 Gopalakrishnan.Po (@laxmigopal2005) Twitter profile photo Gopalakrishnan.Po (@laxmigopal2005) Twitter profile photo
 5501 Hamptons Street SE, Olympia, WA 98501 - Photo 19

==

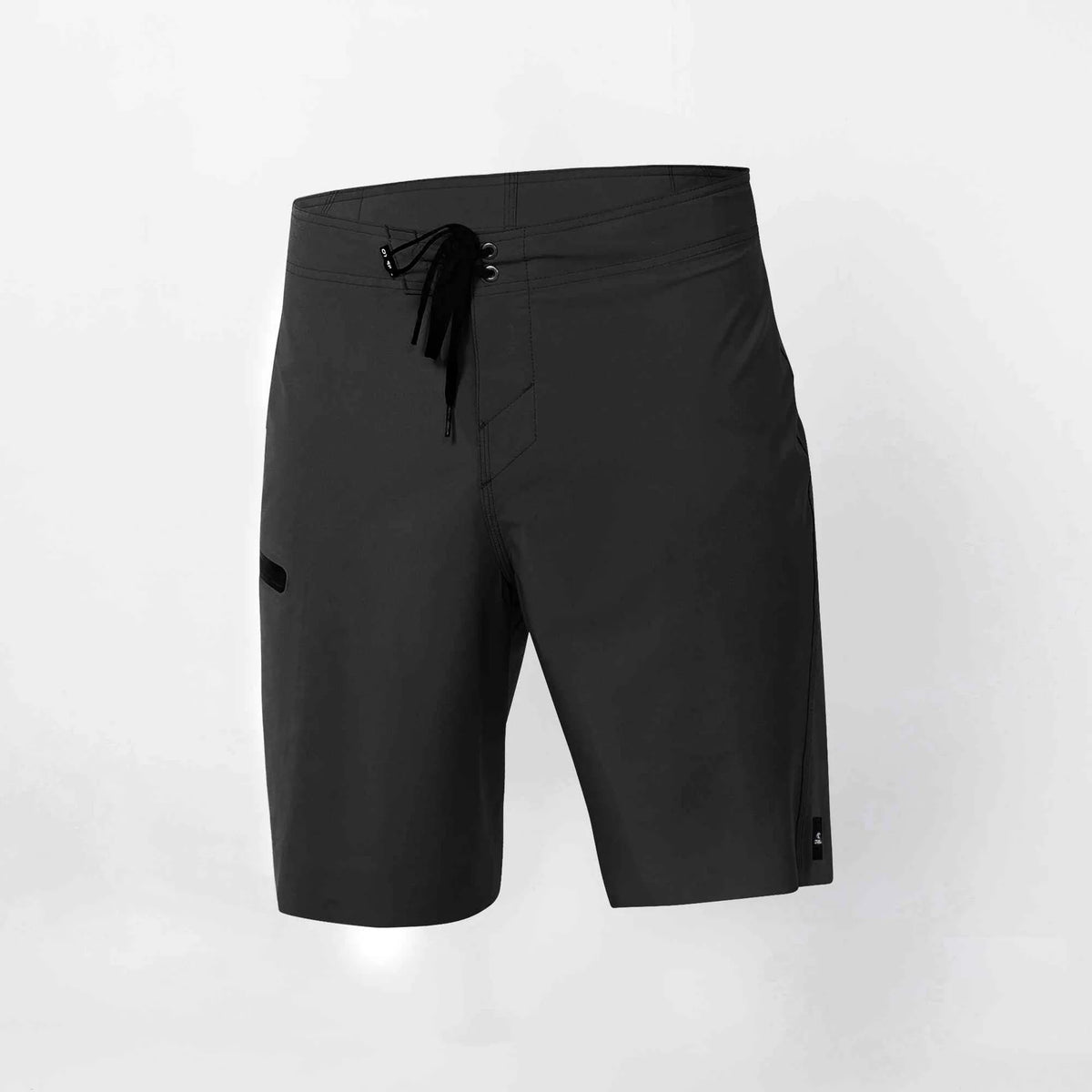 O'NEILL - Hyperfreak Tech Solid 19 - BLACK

**TASK PROMPT:** Could you set down, word for word, only the lines above from the line with "photo Gopalakrishnan.Po (@laxmigopal2005) Twitter profile photo" to the line with "5501 Hamptons Street", including both?

**RESPONSE TO THIS TASK:**
 Gopalakrishnan.Po (@laxmigopal2005) Twitter profile photo Gopalakrishnan.Po (@laxmigopal2005) Twitter profile photo
 5501 Hamptons Street SE, Olympia, WA 98501 - Photo 19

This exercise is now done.